The boss of Asda has warned that the retail sector is in “one of its most challenging and changeable periods in history” as the supermarket today posted a drop in sales in 2014.
Like-for-likes at Wal-mart owned Asda dropped one per cent in the 12 months to December 31, while fourth quarter figures were down even more – dropping 2.6 per cent for the 12 weeks to January 4.
Why it's interesting
Along with the rest of the Big Four, Asda has been struggling to grow of late, primarily as a result of the growth of discount grocers Aldi and Lidl, which have presented a particular challenge to Asda, which has always focused on value.

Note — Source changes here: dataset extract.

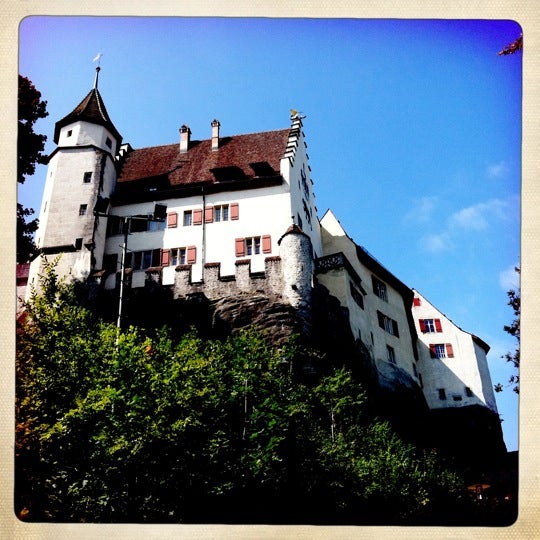 รูปภาพถ่ายที่ Schloss Lenzburg โดย Marc D. เมื่อ 7/31/2011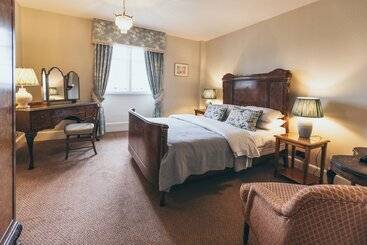 هتل Rowton Castle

But Clarke used the less-than-stellar results to highlight some of the changes he is bringing about in a bid to turn things around.

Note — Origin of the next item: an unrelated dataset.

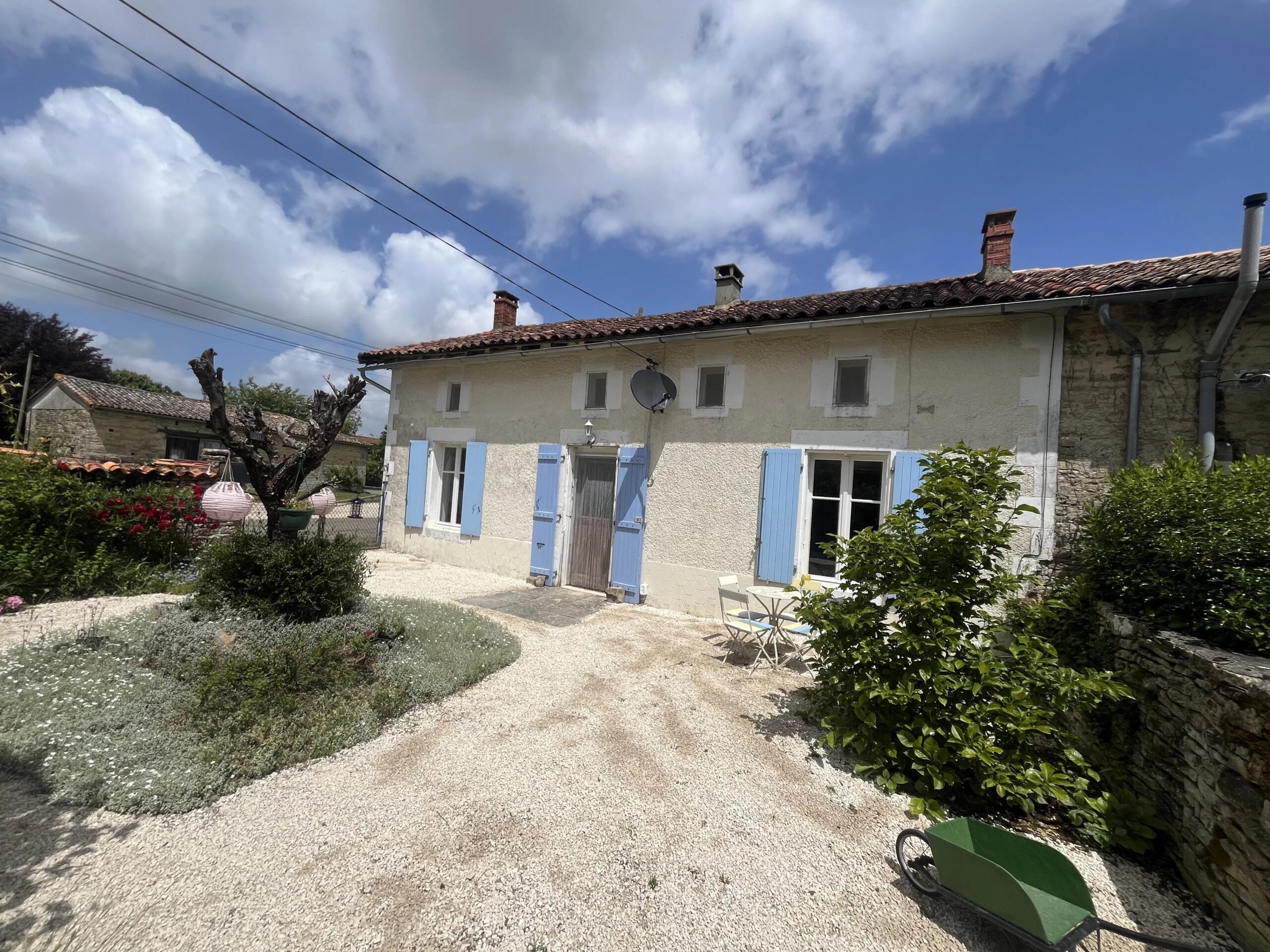 Spacious Cottage On The Edge Of A  Village, Poitou-Charentes – France – BVI85113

Speaking at a London event this morning he detailed a £600m investment plan that will expand and improve Asda's store estate as part of that process, which is also expected to result in widespread redundancies as part of a “modernisation” process.
That money will be spent on:
- 17 new stores will be opened, including three supermarkets in London
- A “major remodel” of 62 stores to reflect changing shopper habits
- More than 150 new remote Click and Collect sites will be opened
- 36 new petrol stations will also open this year
Asda's online team will also make better use of its subsidiary International Procurement “to share expertise and innovation”.
What they said
While the company had put in place a plan to address the changes faced by the supermarket sector, which helped keep "the ship steady in a turbulent market", Clarke admitted "the pace and scale of change has exceeded all expectations".
“The first year of our plan was very much about building the foundations –a work out to limber us up for what is to come in 2015 – by leading the price agenda in a deflationary market.
"We have a clear plan for sustainable, profitable growth and creates a proposition that gives customers what they want."